EXERCISE REQUIREMENTS » The lines from the start of the records through the one containing "5.Syringomas" are to be transcribed exactly, and nothing else.

Extracted records
========================
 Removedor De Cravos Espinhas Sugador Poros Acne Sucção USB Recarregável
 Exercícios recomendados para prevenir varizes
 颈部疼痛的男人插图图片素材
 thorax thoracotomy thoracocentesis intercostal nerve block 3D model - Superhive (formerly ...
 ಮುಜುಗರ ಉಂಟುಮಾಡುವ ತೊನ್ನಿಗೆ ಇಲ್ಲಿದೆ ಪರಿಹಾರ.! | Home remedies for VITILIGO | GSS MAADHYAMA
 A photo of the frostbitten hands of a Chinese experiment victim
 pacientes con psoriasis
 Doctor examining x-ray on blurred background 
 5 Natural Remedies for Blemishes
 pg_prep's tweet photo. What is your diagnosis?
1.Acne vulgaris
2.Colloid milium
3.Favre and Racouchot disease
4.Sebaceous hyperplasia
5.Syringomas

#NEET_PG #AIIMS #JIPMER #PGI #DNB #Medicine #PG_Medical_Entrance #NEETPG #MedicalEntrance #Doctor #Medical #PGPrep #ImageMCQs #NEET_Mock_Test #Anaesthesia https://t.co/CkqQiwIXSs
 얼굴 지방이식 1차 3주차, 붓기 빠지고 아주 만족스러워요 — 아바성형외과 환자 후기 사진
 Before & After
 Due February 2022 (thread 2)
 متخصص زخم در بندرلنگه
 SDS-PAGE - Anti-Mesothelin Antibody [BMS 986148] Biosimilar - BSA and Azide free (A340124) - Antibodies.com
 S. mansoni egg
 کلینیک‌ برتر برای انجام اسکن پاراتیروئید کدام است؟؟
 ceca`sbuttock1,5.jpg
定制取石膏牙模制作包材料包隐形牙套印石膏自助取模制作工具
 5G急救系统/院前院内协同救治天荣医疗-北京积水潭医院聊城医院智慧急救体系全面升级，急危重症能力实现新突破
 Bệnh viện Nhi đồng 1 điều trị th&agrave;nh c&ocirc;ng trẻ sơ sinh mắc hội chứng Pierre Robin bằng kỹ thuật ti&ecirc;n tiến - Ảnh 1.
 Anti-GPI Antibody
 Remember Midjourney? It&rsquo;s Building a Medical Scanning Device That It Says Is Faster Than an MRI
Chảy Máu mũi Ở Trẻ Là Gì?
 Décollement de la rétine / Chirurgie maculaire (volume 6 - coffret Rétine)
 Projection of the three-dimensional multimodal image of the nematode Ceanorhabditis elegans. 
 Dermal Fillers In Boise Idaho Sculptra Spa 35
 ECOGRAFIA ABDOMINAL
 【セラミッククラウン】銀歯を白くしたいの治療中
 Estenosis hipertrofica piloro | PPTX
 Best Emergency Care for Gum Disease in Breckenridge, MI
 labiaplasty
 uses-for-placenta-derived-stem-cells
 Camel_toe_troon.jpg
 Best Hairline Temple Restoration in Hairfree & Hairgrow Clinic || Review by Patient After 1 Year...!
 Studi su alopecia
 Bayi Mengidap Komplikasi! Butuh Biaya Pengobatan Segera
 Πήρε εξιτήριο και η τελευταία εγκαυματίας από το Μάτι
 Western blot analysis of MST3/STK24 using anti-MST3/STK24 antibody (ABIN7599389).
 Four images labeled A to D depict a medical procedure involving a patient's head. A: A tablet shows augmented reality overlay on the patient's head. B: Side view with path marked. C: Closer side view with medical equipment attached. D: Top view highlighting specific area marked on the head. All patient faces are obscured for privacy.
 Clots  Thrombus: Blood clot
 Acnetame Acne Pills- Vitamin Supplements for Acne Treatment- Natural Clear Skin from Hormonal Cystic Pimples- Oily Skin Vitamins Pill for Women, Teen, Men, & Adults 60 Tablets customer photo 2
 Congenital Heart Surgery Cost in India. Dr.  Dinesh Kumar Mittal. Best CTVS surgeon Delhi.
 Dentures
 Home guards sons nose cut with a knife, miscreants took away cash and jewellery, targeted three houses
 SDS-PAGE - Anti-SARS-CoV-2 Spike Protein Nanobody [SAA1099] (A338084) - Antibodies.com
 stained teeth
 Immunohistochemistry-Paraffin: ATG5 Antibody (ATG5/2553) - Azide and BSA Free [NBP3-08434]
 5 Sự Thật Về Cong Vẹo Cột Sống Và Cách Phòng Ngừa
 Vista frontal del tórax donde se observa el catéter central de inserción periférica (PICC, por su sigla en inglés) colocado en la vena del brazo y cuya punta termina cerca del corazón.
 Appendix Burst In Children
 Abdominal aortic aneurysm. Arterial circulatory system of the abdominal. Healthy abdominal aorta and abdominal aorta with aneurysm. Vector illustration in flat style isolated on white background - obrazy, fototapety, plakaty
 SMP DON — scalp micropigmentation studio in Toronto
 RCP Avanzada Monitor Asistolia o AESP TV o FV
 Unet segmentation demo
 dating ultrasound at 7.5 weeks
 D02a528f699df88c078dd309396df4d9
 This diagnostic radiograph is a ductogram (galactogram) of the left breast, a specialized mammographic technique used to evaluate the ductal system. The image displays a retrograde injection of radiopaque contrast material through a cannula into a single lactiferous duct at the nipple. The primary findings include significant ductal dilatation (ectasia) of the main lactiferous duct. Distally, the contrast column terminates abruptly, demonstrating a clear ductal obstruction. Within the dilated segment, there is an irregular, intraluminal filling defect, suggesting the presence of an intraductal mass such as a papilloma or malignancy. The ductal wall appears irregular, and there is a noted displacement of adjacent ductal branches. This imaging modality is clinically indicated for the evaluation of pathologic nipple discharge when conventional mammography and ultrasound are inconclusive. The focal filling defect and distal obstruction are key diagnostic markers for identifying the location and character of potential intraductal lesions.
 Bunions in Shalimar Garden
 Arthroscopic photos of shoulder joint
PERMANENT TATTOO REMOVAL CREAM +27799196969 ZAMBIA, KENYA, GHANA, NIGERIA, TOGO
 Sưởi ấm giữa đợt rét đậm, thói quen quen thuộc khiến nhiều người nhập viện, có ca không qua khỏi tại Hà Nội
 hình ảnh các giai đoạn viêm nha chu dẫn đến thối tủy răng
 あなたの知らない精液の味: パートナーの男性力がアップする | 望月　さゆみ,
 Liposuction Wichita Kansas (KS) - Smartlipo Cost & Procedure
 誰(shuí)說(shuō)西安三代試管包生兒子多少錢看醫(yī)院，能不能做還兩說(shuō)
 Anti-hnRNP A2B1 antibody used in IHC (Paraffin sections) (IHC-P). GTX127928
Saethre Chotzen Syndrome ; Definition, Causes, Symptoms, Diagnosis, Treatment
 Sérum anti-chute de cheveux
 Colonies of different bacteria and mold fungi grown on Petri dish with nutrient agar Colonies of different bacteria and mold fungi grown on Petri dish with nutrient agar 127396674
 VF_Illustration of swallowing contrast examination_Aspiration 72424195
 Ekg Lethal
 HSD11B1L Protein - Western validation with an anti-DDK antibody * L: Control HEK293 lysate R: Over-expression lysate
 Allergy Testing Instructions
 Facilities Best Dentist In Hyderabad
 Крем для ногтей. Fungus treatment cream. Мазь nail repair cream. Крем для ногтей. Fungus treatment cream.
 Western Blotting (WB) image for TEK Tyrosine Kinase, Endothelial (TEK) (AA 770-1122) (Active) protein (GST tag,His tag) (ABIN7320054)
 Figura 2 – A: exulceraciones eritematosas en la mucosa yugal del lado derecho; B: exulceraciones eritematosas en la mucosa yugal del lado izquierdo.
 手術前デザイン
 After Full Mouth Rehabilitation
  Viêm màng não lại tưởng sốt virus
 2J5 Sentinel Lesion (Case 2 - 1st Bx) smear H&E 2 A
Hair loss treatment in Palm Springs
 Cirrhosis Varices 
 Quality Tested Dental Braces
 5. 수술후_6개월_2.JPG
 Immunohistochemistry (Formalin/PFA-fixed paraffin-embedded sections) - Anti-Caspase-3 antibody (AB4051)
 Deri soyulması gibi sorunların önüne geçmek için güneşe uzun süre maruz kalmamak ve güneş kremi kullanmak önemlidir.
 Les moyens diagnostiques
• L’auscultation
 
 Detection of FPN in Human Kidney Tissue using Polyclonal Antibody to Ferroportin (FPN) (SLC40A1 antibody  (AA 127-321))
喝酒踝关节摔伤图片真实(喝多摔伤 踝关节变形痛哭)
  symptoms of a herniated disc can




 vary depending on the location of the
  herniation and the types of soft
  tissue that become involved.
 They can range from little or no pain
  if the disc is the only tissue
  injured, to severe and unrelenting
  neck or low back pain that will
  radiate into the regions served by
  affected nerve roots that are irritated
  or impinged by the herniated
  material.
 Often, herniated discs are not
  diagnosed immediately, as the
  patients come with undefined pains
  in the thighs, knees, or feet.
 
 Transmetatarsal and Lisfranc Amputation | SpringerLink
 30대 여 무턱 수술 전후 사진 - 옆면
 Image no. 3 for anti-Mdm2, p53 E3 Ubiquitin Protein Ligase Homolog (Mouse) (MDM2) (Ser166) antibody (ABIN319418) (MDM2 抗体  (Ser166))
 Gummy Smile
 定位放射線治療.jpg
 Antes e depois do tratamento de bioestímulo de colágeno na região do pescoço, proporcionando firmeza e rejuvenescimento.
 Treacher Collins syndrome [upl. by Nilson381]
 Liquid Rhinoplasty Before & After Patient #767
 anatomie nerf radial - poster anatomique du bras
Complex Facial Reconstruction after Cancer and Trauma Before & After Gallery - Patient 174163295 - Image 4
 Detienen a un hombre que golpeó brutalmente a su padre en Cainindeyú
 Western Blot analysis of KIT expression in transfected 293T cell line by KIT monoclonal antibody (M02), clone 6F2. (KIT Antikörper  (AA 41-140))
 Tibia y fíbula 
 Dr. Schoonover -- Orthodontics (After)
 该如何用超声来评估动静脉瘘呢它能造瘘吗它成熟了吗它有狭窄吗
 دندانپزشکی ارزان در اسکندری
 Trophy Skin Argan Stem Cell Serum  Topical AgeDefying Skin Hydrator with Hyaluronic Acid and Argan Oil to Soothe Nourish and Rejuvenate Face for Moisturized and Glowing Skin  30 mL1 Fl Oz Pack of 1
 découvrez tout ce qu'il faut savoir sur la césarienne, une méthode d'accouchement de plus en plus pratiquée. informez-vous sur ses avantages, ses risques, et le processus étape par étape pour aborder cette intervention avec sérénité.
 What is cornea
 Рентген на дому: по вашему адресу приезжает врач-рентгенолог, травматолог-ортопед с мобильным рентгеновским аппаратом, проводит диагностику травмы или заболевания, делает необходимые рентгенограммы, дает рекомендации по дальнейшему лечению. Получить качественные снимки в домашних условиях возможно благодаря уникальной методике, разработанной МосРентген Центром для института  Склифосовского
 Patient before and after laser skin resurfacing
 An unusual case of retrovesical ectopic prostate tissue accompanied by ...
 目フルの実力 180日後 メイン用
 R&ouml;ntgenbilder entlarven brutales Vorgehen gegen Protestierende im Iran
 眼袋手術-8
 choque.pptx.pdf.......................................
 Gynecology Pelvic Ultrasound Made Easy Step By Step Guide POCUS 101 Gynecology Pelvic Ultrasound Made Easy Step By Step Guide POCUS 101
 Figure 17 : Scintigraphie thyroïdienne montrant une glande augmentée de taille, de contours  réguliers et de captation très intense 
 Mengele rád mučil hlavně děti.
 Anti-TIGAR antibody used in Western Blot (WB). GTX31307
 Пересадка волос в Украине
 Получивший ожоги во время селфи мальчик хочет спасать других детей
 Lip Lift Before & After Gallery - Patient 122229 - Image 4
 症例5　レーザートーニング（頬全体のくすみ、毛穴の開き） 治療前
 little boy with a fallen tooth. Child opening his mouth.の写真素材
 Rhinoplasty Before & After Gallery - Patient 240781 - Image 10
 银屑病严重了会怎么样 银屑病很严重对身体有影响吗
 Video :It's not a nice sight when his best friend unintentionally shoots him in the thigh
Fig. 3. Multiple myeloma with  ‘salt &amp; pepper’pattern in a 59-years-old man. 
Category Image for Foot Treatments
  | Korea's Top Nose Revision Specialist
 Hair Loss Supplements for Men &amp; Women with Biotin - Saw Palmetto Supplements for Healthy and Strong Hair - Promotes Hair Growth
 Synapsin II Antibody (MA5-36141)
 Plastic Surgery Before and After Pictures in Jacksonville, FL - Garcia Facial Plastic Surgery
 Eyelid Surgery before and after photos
========================
THE COMPLETED TASK »
 Removedor De Cravos Espinhas Sugador Poros Acne Sucção USB Recarregável
 Exercícios recomendados para prevenir varizes
 颈部疼痛的男人插图图片素材
 thorax thoracotomy thoracocentesis intercostal nerve block 3D model - Superhive (formerly ...
 ಮುಜುಗರ ಉಂಟುಮಾಡುವ ತೊನ್ನಿಗೆ ಇಲ್ಲಿದೆ ಪರಿಹಾರ.! | Home remedies for VITILIGO | GSS MAADHYAMA
 A photo of the frostbitten hands of a Chinese experiment victim
 pacientes con psoriasis
 Doctor examining x-ray on blurred background 
 5 Natural Remedies for Blemishes
 pg_prep's tweet photo. What is your diagnosis?
1.Acne vulgaris
2.Colloid milium
3.Favre and Racouchot disease
4.Sebaceous hyperplasia
5.Syringomas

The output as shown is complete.